State counsel Teshanna James-Lake is, however, arguing that neither the sentence nor conviction were bad in law and that there was no miscarriage of justice. As a matter of fact, she noted that the sentence of four years was a lenient one.
Had he gone to prison, Fraser would by now have completed his sentence.
At a hearing on Monday before acting Chancellor Yonette Cummings-Edwards, and Justices of Appeal Dawn Gregory and Rishi Persaud, attorneys on both sides indicated that they were relying on submissions previously laid over to the Appeal Court.
The Chancellor thereafter announced that the matter would be adjourned until April 8th for reports on any clarifications the court may need, while noting that if there is no need for clarifications, then the ruling on Fraser’s appeal will be delivered.
The Court of Appeal has the power to affirm, reduce or increase the sentence. It also has the jurisdiction to order a retrial, if it so finds as being necessary.
Fraser was convicted by a jury on the lesser offence of manslaughter. His sentence was imposed on November 30th, 2007.
Fraser (the appellant) is being represented by attorney Kamal Ramkarran.
Rollins, also a soldier, was killed at a Buxton, East Coast army base camp.
During the High Court trial before Justice Winston Patterson, the defence had argued that it was a case of accidental shooting.
The state’s contention, however, was that Fraser acted recklessly, resulting in Rollins’ death.
Evidence presented at trial indicated that on the day in question, Fraser was going out on patrol duty and went to uplift his gun. While in the process of doing so, he came into contact with Rollins.
Among other things, Fraser is contending that Justice Patterson erred in law in finding that Sergeant Eon Jackson, a ballistics expert, gave evidence at the preliminary inquiry (PI), despite the absence of his evidence and name as witness in the deposition of evidence taken at the PI.
According to the appellant, the trial judge made an error in admitting the evidence of Jackson without a good explanation from the prosecutor as to why this evidence had not been led.
Fraser is of the view that Justice Patterson erred by failing to direct the jury, or to properly direct it that Jackson’s evidence, “especially his assertion that the trigger of an AK-47 rifle could not be pulled by accident, because to pull the said trigger would be like attaching a five-pound weight to one’s finger need not have been accepted simply because he was an expert in the field of ballistics.”
Fraser also contends that the judge erred by failing to adequately analyse the caution statement he allegedly made, and the evidence led by the prosecution, against a statement he made from the dock in order to adequately guide the jury in making a decision on the reliability of the caution statement “insofar as there were inconsistencies between the caution statement and the dock statement.”
According to the appellant, the judge also erred when he failed to direct the jury on the application of the law relating to gross negligence manslaughter and the defence of accident which he raised.
Advancing a case of bias against him, Fraser said that Justice Patterson erred by failing to undertake a proper investigation of a real possibility of bias of a juror who police at the Georgetown High Court outpost said was seen talking to a witness for the prosecution, who was a relative of the deceased.

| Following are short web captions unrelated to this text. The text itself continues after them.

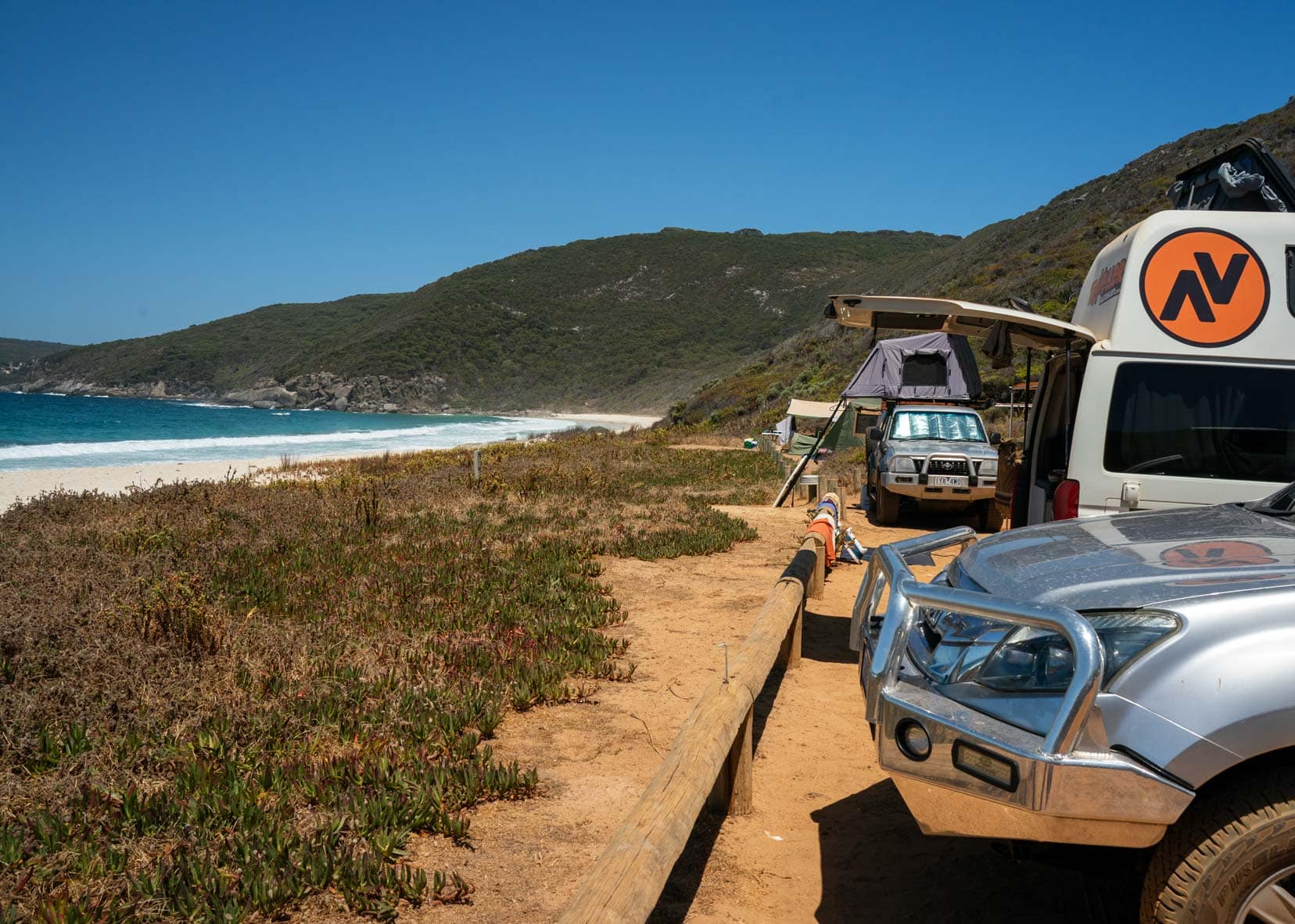 Shelley-Beach,-Cape-Howe cars parked on sandy area by beach with green hills and ocean in background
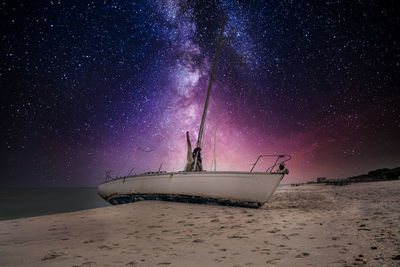 Scenic view of sea against sky at night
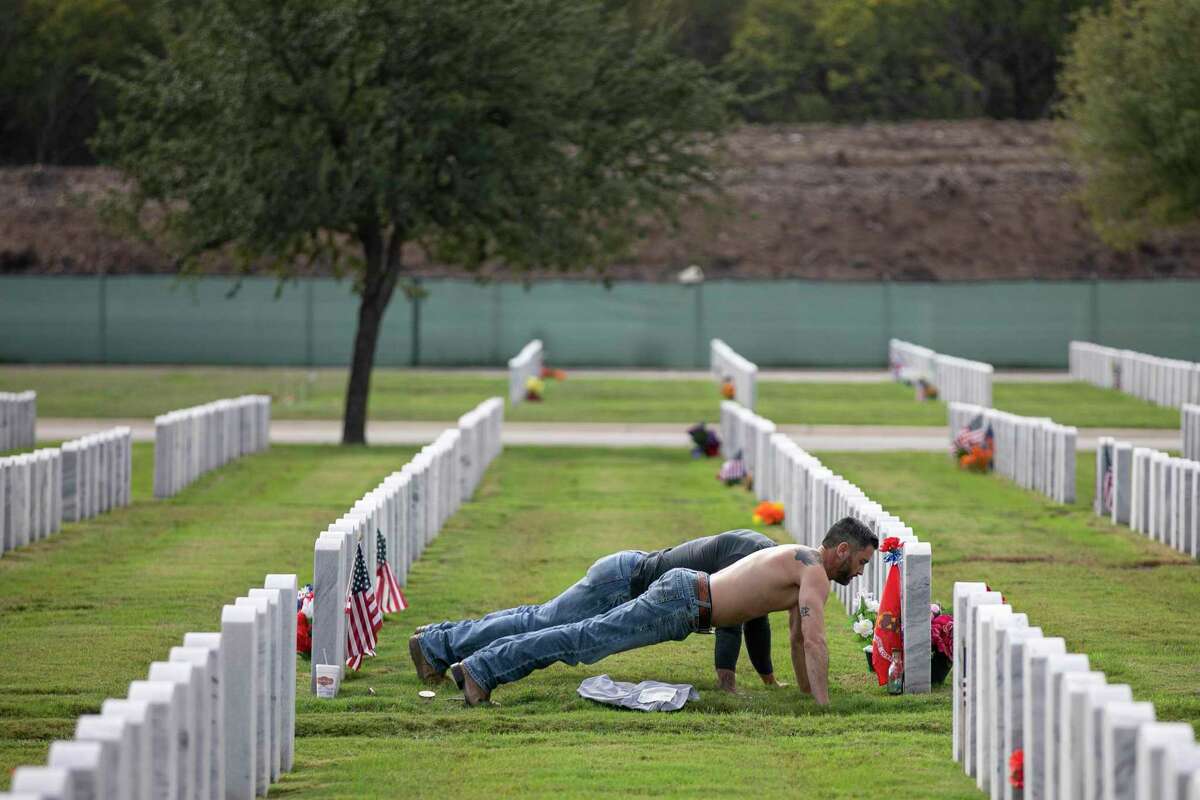 Roy Heath, fore-front, and Joshua Liserio, both of San Antonio, do pushups while visiting the grave of their best friend and fellow Marine, Alejandro A. Ramon III, at Fort Sam National Cemetery on Veterans Day.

The appellant questioned whether the other members of the jury had in any way been compromised.
Fraser is of the view that the verdict should be set aside for being unreasonable. According to him, it “cannot be supported having regard to the evidence.”
He is contending that the acts and omissions of the trial judge coupled with incorrect decisions of law, cumulatively constituted a miscarriage of justice in the conviction and sentence.